• Task material:
+--

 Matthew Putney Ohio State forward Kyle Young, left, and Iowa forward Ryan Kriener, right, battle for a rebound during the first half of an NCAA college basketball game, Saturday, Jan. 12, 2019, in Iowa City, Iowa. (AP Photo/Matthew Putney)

+--

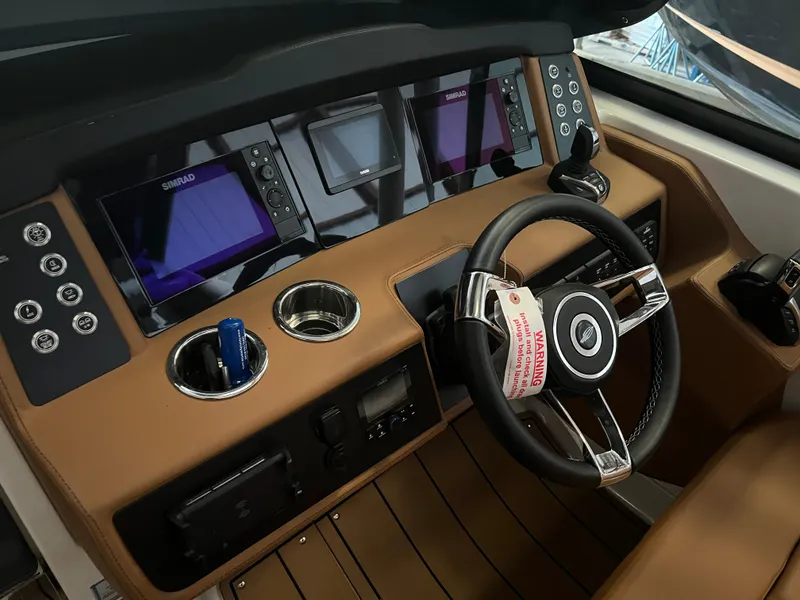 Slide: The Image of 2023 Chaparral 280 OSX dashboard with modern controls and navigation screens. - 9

+--

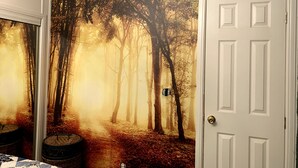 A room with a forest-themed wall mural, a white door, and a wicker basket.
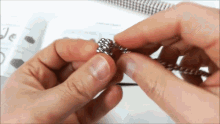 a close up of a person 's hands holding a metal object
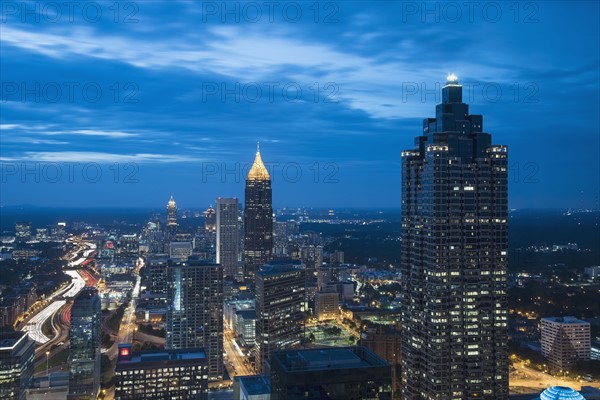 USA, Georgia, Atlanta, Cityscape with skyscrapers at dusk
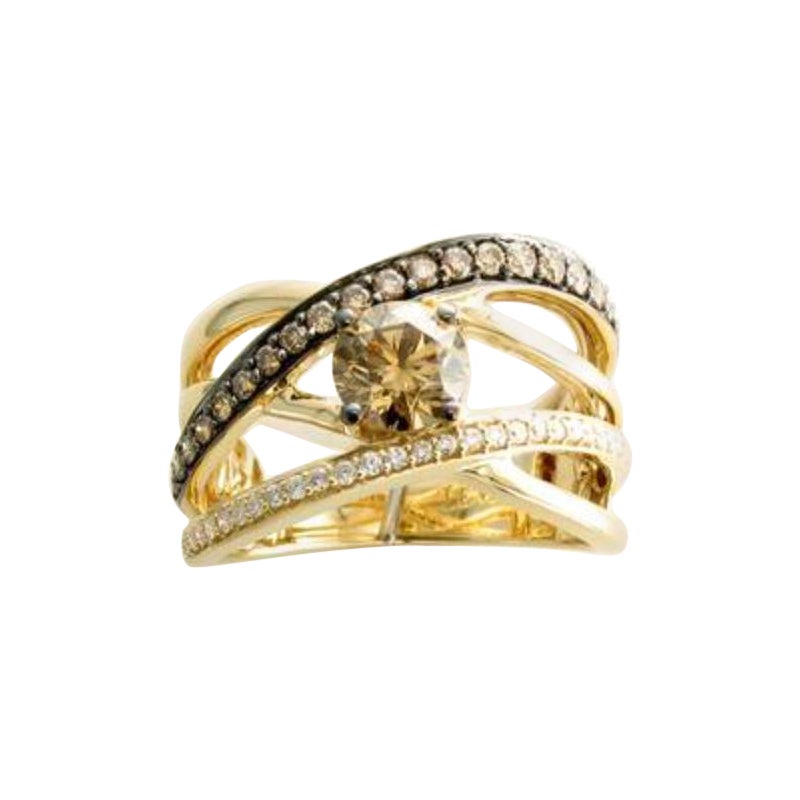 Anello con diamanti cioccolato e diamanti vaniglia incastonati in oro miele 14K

+--

• What is expected:
Reproduce exactly the lines above starting at the line containing "USA, Georgia, Atlanta, Cityscape" and ending at the line containing "Anello con diamanti", including both, but not the pictures.

• Written answer:
 USA, Georgia, Atlanta, Cityscape with skyscrapers at dusk
 Anello con diamanti cioccolato e diamanti vaniglia incastonati in oro miele 14K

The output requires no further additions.